The Pawfessor Is In (guest post by Jordan MacKenzie)

The following is a guest post* by Jordan MacKenzie, assistant professor of philosophy at Virginia Tech, in which she shares some of her strategies for sucessfully moving courses online.

The Pawfessor Is In
by Jordan MacKenzie

The last two weeks have brought about an unprecedented teaching challenge, as educators everywhere struggle to adjust to their new positions at ‘Zoom University’. Like many readers of this blog, I had very little familiarity with online teaching prior to the pandemic. But now that my lectures for the week have been recorded, my syllabi pared down, and my classes made ‘asynchronous’, I can now say one thing with confidence:

Instagram is a pedagogical godsend that we should all embrace even once this pandemic has subsided.

Wait, what?

Let’s back up.

Out of all the pedagogical maneuvers I have made in the last two weeks, one stands out as the most popular, the most fun and the most effective: creating a dog-themed class Instagram account.

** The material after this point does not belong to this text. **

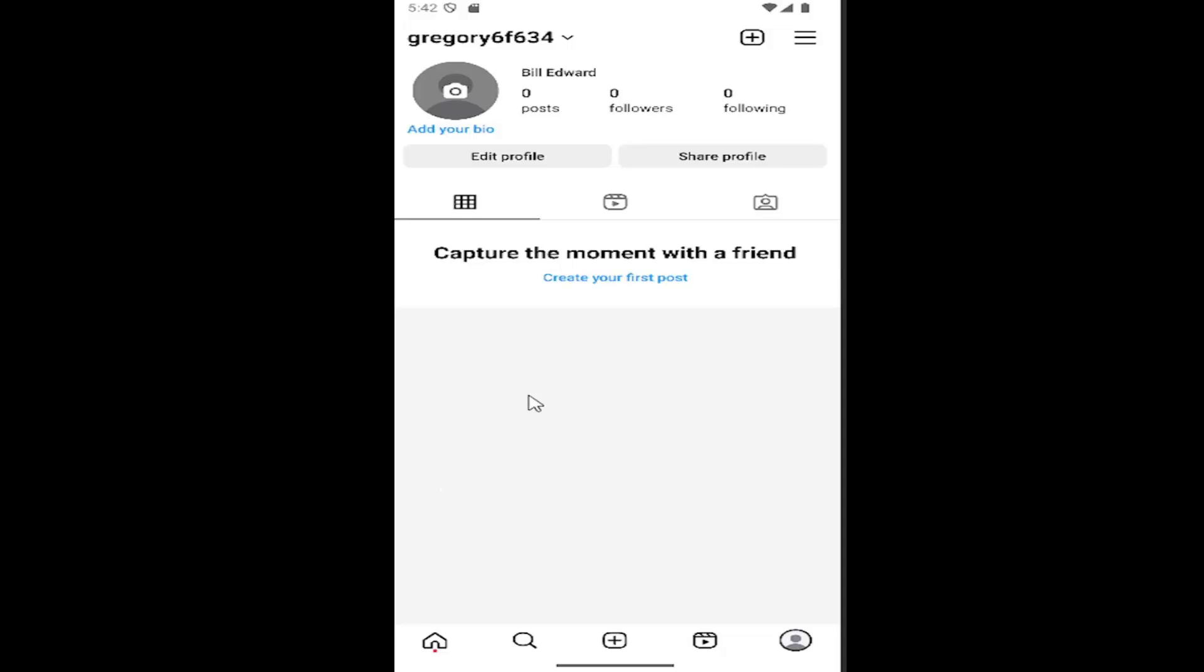So all you have to do is open up your Instagram account. Select your profile icon in the bottom right corner to open up your profile page. And then you want to select the hamburger icon in the top right.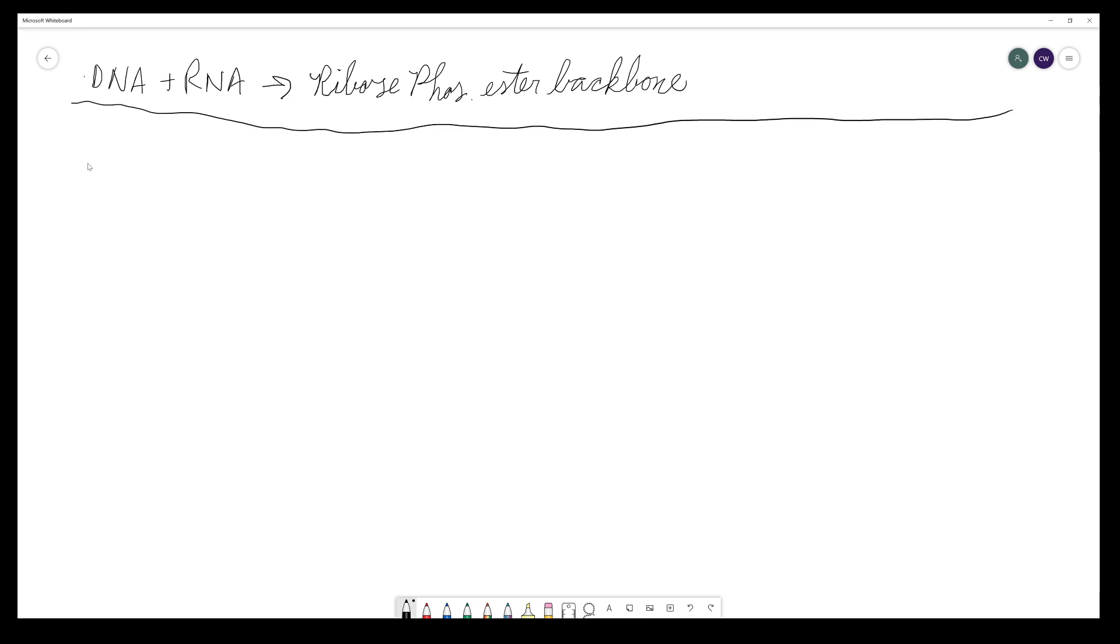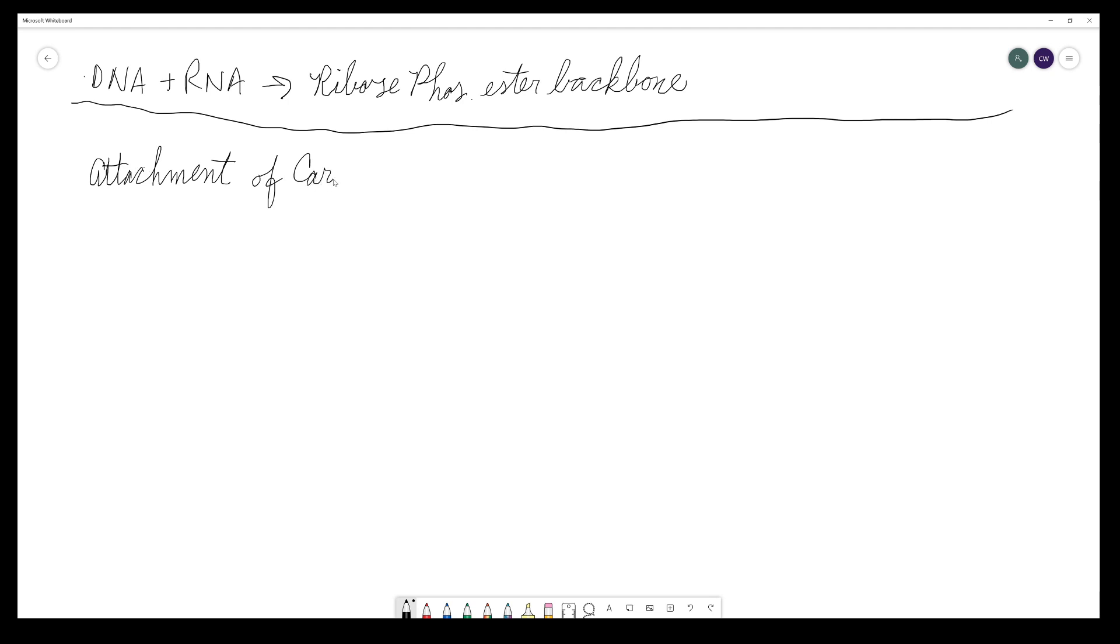One really big example that we've discussed thus far for phosphate esters being so important is DNA. DNA and RNA. Because both of these use a ribose phosphate ester as their backbone. So, whenever we attach the attachment of a sugar to another molecule is called glycosylation, and molecules that are glycosylated are called glycosides.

The conceit (originated by Dr. Lindsay Brainard of Calvin University) was simple: take a photo of your dog, add a short message to it, and post it to the account’s ‘story’. For those of you unfamiliar with Instagram’s interface, the ‘story’ feature is basically a glorified slideshow that students can view throughout the day. But unlike your grandmother’s slide show, viewers can interact with this one. You can, for instance, use the ‘story’ feature to post a multiple-choice question, or take a poll. And better yet, you can keep track of how people have interacted with questions and polls once you’ve posted them.

A few examples will help demonstrate what an essential tool this is.

Say you’ve just posted your new coronavirus-approved syllabus. You probably want to let your students know, right? And you might also want to know how many have read it. You could send out a boring email—one that will get lost among the flood of other emails students are receiving from their frantic professors these days. Or, you could post the following on ‘pawfessorrosie’, your dog-themed class Instagram account:

 At least those 33% are being honest.

Or suppose you wanted to get students thinking about course content. You could start a discussion post on Canvas or Blackboard. Or you could use your dog-themed Instagram account to get the conversation going:

What sort of monster wouldn’t offer their moral opinion when the stakes are so high?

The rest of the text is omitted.